I recently spoke to an outbound JET and was reminded of my own experience on the program (Mie-ken, 2000-2002). I gave him some tips on learning the language and then realized that my advice might be useful to other JETs as well. I hope that by publishing this advice I can help participants on the JET program make progress in their study of the language.

My main advice is:

  1. Hire a professional Japanese teacher
  2. Use a flashcard program

Additionally I recommend:

  1. Passing a proficiency exam
  2. Trying Remembering the Kanji

The rest of this article explains how these points have helped me in my own studies of the language, both while in Japan and after.

Hire a Professional Japanese Teacher

When I arrived in Japan I did not know Japanese. I also did not know how to learn Japanese.

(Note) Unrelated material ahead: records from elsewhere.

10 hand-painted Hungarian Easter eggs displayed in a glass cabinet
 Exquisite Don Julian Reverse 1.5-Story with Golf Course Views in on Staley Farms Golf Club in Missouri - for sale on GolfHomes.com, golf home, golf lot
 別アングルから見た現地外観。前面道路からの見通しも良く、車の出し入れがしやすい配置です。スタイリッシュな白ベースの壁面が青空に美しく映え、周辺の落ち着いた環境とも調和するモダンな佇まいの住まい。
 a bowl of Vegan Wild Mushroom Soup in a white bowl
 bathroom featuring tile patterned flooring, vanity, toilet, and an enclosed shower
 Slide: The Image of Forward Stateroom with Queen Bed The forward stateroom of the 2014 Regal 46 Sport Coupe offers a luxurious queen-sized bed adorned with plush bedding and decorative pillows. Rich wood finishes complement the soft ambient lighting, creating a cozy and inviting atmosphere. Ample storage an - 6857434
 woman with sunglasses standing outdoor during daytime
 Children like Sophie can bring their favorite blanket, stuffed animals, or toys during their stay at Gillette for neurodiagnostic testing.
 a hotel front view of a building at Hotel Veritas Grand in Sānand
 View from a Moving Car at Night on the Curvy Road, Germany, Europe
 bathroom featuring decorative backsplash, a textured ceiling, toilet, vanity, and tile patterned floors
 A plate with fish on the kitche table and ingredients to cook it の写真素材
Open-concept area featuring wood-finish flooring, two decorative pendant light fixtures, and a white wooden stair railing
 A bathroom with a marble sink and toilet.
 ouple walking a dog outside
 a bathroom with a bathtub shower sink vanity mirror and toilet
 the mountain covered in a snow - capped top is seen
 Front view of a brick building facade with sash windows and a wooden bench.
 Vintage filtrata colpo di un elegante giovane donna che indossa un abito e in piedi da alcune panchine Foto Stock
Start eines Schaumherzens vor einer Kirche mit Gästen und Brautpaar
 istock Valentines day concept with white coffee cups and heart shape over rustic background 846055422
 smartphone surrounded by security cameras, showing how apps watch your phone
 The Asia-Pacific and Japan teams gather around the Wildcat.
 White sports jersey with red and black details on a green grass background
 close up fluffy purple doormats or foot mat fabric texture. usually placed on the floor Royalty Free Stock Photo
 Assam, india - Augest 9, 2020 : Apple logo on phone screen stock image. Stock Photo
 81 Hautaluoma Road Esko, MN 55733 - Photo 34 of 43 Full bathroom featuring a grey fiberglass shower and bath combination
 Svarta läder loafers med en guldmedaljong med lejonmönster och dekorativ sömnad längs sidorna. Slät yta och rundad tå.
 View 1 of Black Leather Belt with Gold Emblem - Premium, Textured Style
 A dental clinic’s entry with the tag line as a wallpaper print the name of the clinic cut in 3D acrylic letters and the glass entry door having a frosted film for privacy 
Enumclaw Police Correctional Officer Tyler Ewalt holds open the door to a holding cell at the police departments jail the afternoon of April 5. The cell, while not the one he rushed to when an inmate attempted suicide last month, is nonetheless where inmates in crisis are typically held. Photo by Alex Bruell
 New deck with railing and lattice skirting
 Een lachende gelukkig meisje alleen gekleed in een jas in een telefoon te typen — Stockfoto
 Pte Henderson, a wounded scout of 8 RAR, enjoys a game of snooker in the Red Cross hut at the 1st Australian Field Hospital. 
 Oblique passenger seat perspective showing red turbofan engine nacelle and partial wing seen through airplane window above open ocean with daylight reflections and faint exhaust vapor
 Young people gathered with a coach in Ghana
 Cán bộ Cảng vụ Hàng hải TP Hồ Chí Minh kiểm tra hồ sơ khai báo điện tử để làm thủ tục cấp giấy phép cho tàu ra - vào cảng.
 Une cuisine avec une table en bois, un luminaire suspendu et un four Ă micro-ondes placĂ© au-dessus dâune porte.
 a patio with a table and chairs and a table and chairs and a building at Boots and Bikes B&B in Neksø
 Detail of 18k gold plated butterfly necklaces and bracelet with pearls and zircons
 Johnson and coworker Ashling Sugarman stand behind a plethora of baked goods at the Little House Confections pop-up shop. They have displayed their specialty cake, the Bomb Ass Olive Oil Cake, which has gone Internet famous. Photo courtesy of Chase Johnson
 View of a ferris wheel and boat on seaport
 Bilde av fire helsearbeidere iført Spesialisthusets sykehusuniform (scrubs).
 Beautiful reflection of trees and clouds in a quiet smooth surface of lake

My fellow Assistant Language Teachers (ALTs) recommended that I self study with a textbook between classes that I was teaching. They also placed a premium on learning kanji, and used the number of kanji someone knew as a yardstick for their overall proficiency with the language.

I followed this advice for about a year and then signed up for an intensive three week class at a Japanese school. Before classes began I took a placement exam and was placed in the beginner class. This placement bothered me, though, because I had been self studying for a year. Shouldn’t I at least be in the intermediate class? When I mentioned this to my teacher she invited me to discuss it with her – in Japanese.

This shocked me for two reasons. The first was that I had never had a conversation like that in Japanese before. As an ALT most of my discussions with Japanese people were in English. Speaking in Japanese at work could even be considered a breach of etiquette, since my job was to speak in English. This meant that, by and large, my time speaking Japanese was limited to things like asking for directions and ordering food in a restaurant. Until that point, no one had asked me to defend an opinion, or persuade them to take a course of action, in Japanese.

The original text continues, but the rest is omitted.